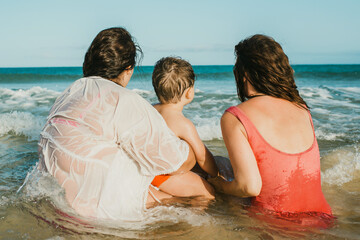 Unrecognizable mothers with son admiring waving sea in summer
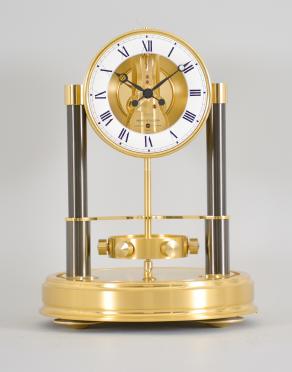 Jaeger-LeCoutre, Switzerland, "Atmos 150th Anniversary" mantel clock, 14 jewel, caliber 540 movement with torsion pendulum in a gilt case and base with glass dome, roman numeral white painted dial, and black painted hands.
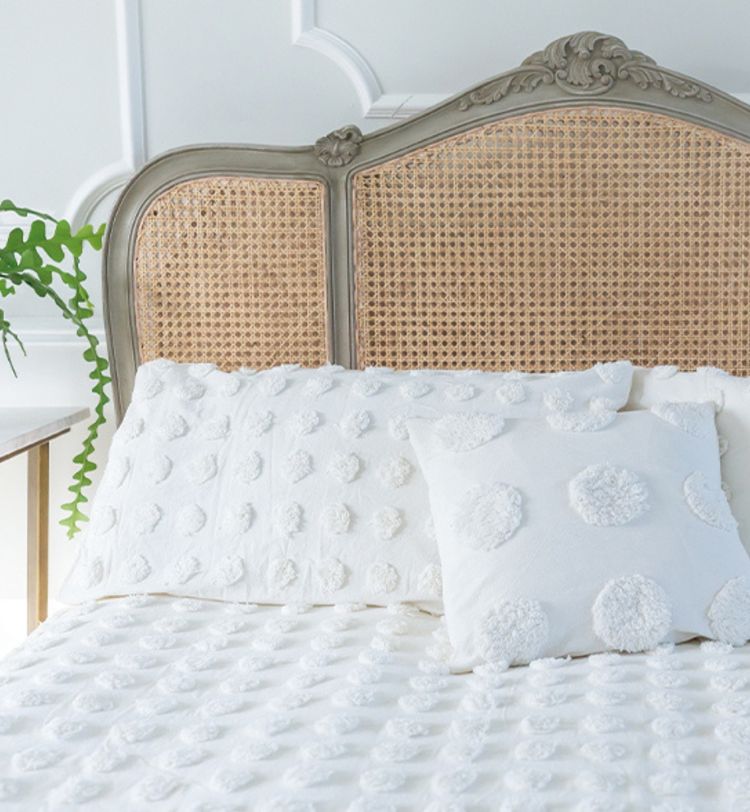 A cozy bed with a wicker headboard, white textured bedding, and a decorative pillow. A green plant sits on a bedside table.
+--
_Action item_
The data above should be repeated in full and exactly, with no pictures carried over.

_Answer box_
 Unrecognizable mothers with son admiring waving sea in summer
 Jaeger-LeCoutre, Switzerland, "Atmos 150th Anniversary" mantel clock, 14 jewel, caliber 540 movement with torsion pendulum in a gilt case and base with glass dome, roman numeral white painted dial, and black painted hands.
 A cozy bed with a wicker headboard, white textured bedding, and a decorative pillow. A green plant sits on a bedside table.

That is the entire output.